### [WHAT TO WORK ON]
Beginning at the top of the data below, restate every line word for word until the line containing "Item preview, The" has been included, and omit the pictures.

Collection entries
——————————
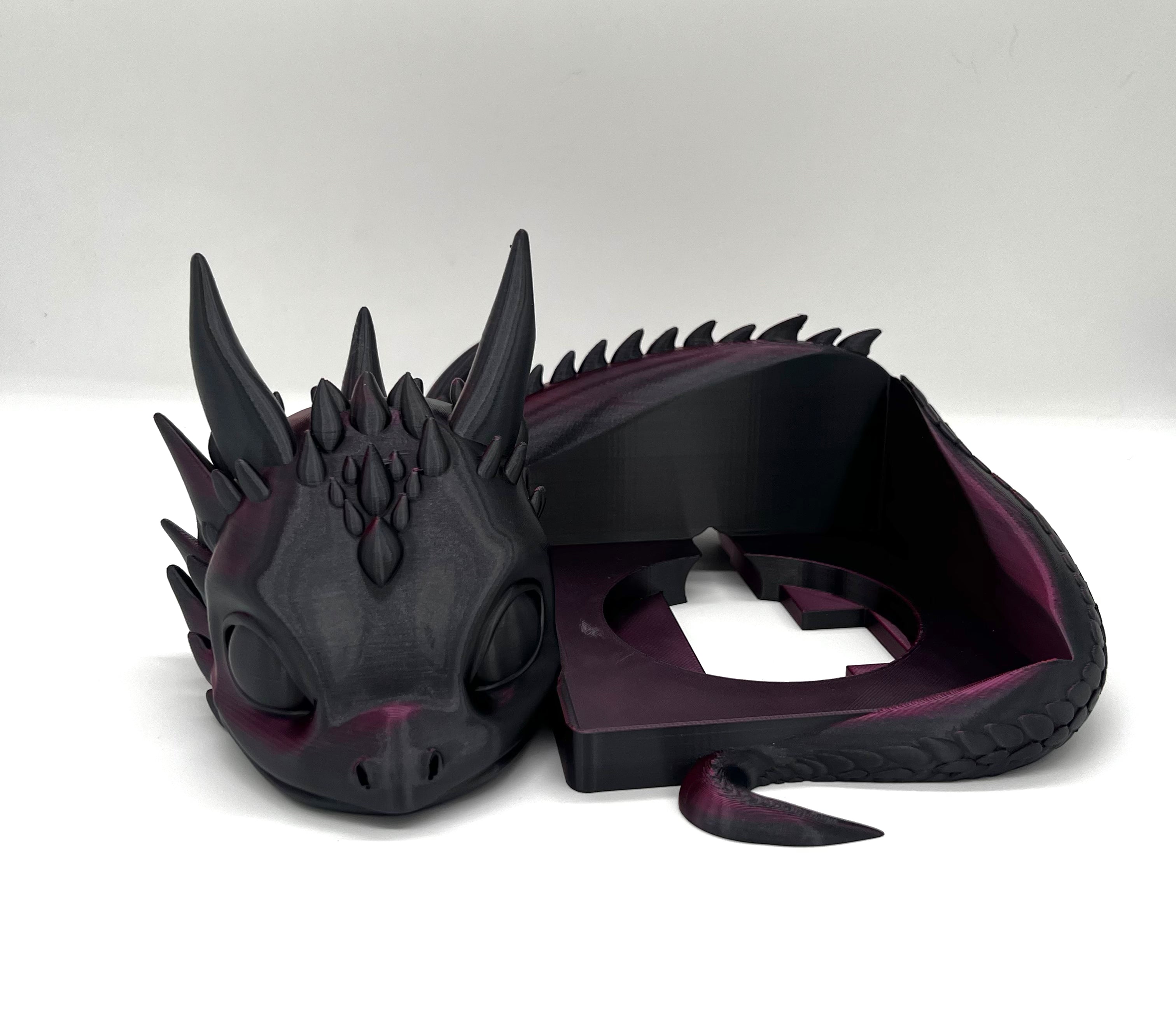 Toni Box Drache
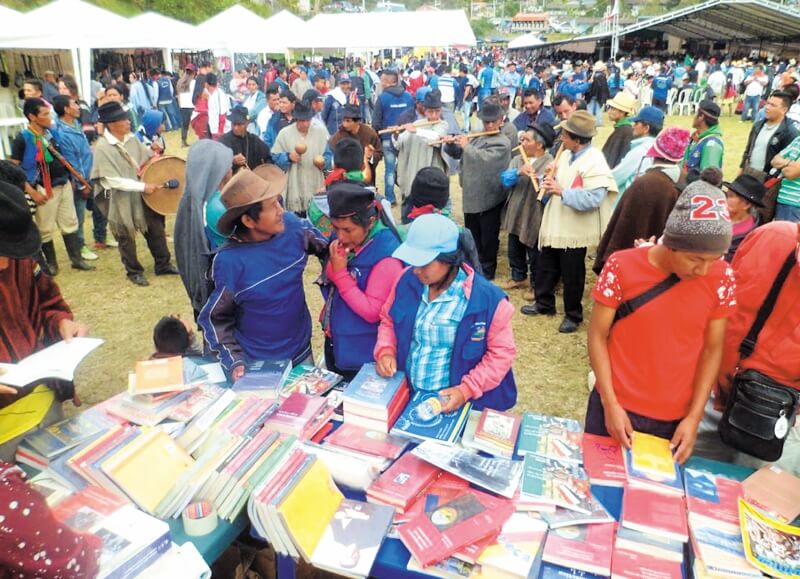 Quilichao Ciudad Libro 2019 se llevará a cabo en la Casona de la Universidad del Cauca. / Cortesía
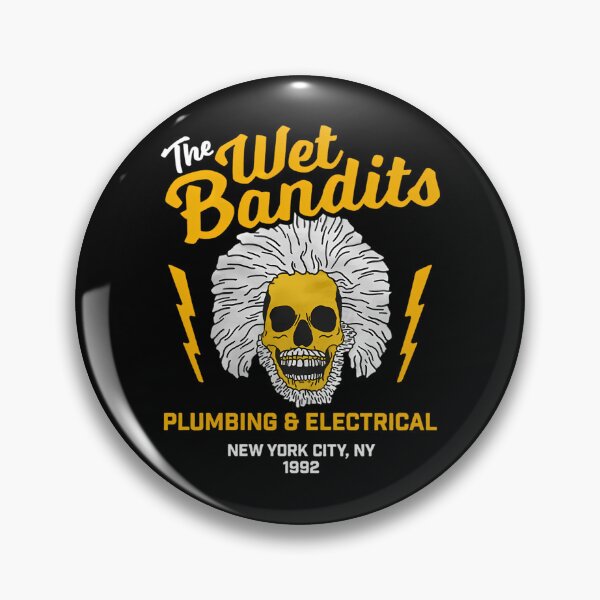 Item preview, The Wet Bandits Plumbing and Electrical  designed and sold by Sim-Co.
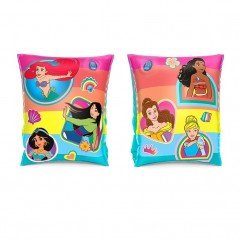 Bestway Manguitos Hinchables Disney Princesas +3 a 6 Años Playa y Piscina 91041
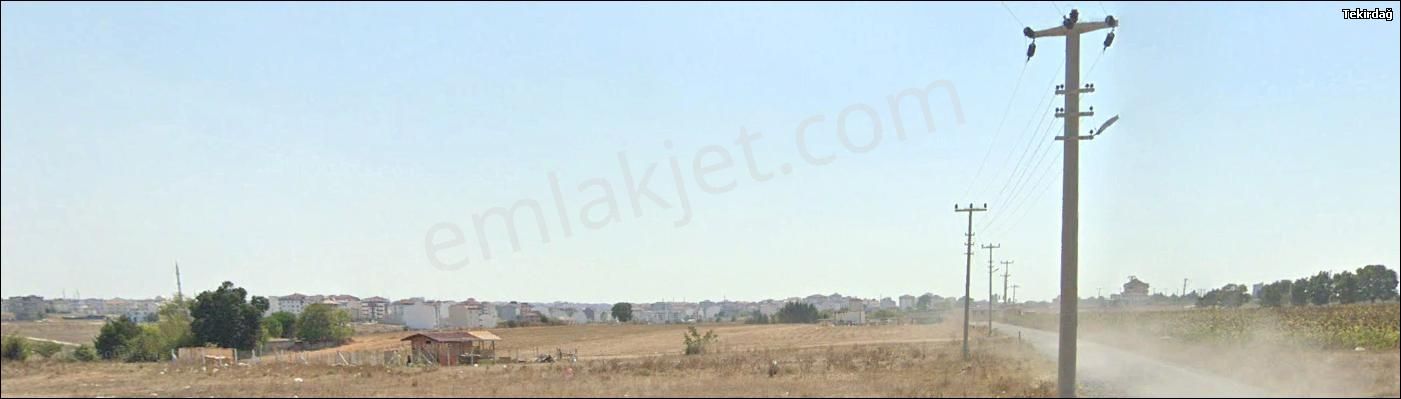 Tekirdağ / Kapaklı Merkezde Satılık Arsa - Görsel 19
——————————
### [ANSWER AREA]
 Toni Box Drache
 Quilichao Ciudad Libro 2019 se llevará a cabo en la Casona de la Universidad del Cauca. / Cortesía
 Item preview, The Wet Bandits Plumbing and Electrical  designed and sold by Sim-Co.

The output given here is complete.